Shanghai’s program to promote EVs, carried out with much fanfare in the past two years, has achieved little success. At a press conference held on June 7, the municipal government disclosed that private consumers had bought only 269 pure-electric cars, of which 121 went directly to individuals, 148 to vehicle-leasing companies.
One of the pilot cities in China effort to popularize green mobility, Shanghai worked on several fronts to stimulate public interest in electric cars–building charging facilities, running demonstration fleets, helping set up EV-leasing companies, and offering generous subsidies to EV makers and consumers. In late last year, it was announced that on top of the 54,000-Yuan rebate from the central government, the city would pay 40,000 Yuan (to the EV-maker) for each pure-electric car sold to private consumers (30,000 Yuan for a plug-in hybrid). To include incentives from car companies, the subsidies add up to 100,000 Yuan per vehicle (In the Jiading district, the government will pay for the electricity used for charging EVs with a limit of 15,000 Yuan per vehicle as generated within a two-year period).
Intending to make the deal irresistible, the city also grants free Shanghai car plates to EV buyers, while local registration of a new vehicle of the traditional type costs over 70,000 Yuan recently–a price set monthly through a bidding process.
All these incentives apparently failed to spark sales. In a city that issues 8,000 new car plates in a typical month, 265 EVs form a barely visible presence and a large symbol of failed policies. Still the number may be inflated and not reflect the true extent of public rejection of EVs. As we have learned, most of the people who did buy or lease an EV worked directly for the city’s green car programs or companies. Truly "non-interested" consumers are very hard to find.
The biggest factor holding back the popularization of EVs remains lack of convenient charging facilities.
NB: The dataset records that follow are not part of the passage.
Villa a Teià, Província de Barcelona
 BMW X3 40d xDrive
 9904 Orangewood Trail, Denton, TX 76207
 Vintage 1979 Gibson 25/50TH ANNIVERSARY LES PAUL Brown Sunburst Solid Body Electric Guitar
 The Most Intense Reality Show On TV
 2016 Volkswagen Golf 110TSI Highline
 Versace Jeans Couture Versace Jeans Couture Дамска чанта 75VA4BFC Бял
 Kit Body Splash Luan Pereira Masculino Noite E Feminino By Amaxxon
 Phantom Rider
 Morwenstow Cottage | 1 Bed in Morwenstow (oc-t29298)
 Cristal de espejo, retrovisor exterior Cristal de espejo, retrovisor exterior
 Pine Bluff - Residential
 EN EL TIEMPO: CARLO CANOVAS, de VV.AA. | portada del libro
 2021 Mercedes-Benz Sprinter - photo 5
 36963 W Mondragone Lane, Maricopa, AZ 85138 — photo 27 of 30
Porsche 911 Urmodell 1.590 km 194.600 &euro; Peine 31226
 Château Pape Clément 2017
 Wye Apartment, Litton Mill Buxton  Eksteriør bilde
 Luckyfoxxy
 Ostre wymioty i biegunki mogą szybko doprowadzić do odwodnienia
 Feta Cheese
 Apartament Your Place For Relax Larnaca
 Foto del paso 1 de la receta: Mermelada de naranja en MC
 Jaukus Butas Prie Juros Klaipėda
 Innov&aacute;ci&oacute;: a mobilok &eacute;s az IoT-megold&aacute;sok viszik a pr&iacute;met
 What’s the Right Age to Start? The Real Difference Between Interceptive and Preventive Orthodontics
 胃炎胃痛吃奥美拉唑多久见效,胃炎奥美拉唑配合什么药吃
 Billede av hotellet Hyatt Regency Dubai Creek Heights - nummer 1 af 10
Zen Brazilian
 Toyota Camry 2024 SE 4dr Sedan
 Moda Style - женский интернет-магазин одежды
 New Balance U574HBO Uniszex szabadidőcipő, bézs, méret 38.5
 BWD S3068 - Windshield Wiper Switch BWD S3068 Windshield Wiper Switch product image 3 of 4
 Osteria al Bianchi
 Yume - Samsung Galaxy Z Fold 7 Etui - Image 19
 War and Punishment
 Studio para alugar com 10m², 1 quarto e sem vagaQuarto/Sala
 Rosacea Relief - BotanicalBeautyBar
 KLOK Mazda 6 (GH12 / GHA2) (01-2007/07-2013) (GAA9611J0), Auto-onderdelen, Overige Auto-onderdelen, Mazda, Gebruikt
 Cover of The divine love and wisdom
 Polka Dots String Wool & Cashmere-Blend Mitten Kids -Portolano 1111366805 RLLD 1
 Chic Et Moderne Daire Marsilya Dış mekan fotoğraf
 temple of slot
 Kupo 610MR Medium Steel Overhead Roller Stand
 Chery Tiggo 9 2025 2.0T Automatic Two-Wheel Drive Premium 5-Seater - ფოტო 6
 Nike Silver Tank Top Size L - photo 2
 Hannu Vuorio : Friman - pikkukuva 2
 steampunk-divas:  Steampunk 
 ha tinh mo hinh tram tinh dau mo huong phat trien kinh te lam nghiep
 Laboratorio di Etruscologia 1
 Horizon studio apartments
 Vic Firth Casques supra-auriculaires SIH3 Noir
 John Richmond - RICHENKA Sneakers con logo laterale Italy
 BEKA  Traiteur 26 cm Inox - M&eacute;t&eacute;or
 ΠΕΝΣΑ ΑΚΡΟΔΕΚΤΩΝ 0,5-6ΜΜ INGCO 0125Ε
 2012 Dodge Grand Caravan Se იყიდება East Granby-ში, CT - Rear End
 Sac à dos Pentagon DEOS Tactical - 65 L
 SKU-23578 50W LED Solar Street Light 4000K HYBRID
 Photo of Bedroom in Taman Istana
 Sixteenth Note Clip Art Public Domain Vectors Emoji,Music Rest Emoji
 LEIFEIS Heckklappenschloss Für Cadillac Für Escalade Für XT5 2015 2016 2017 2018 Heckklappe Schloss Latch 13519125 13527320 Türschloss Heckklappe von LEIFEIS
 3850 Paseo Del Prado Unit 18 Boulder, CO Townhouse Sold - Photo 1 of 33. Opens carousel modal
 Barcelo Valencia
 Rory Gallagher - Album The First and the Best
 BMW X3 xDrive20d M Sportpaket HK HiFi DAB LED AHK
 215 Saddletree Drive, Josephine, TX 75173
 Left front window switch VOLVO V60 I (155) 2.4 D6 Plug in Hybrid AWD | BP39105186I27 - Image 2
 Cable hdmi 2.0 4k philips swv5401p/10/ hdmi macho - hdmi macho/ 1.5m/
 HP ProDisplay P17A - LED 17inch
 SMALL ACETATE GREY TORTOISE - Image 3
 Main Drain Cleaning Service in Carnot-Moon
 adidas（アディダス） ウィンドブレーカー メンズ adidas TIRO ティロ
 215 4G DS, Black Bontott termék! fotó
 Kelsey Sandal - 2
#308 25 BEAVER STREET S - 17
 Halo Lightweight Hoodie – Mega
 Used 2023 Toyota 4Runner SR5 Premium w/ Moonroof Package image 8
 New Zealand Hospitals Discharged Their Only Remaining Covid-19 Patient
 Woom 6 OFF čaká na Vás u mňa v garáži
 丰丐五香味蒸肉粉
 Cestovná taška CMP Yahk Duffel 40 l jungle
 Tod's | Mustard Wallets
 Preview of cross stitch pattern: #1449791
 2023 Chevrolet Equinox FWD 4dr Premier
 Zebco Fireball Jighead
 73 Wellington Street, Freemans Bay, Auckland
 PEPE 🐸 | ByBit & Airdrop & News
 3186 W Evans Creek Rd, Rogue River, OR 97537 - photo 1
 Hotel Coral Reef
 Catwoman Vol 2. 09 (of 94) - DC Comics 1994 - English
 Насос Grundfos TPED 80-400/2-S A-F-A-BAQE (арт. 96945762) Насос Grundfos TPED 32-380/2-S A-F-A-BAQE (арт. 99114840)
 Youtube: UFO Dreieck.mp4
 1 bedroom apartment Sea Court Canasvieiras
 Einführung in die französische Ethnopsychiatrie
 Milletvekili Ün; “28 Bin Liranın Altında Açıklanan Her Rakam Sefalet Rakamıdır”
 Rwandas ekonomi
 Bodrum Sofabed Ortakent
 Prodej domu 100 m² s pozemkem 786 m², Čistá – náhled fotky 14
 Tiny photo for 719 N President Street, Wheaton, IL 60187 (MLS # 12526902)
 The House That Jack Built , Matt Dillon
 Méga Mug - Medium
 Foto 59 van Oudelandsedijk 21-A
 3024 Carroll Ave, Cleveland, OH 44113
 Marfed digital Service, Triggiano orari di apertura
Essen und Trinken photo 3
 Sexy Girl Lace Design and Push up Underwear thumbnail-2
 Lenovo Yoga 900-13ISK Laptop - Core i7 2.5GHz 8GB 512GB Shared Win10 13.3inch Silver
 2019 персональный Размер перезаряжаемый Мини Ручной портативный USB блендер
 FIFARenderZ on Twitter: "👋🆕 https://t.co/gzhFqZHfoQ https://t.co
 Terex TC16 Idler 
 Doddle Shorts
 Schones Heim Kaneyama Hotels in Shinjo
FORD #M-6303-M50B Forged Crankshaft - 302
The strong supportive measures have not made charging easy for ordinary residents, the majority of which do not have their own parking lots, let alone garages, to set up a charging post. In the city of over 20 million people, the entire plug-in vehicle fleet relies largely on just 12 public stations to get re-fueled.
Two SAIC Roewe E50s for leasing in Shanghai
What’s more, Shanghai has so far limited subsidies to just a few models from three companies: SAIC (Roewe E50), Lifan (F7002 EV, LF7002C EV), and Chery (QQ EV), partly to protect local carmakers against foreign rivals. All these cars have relatively low list prices and short driving ranges. More capable models such as Nissan Leaf, BYD e6, and Chevrolet Volt are unfairly excluded from the incentives.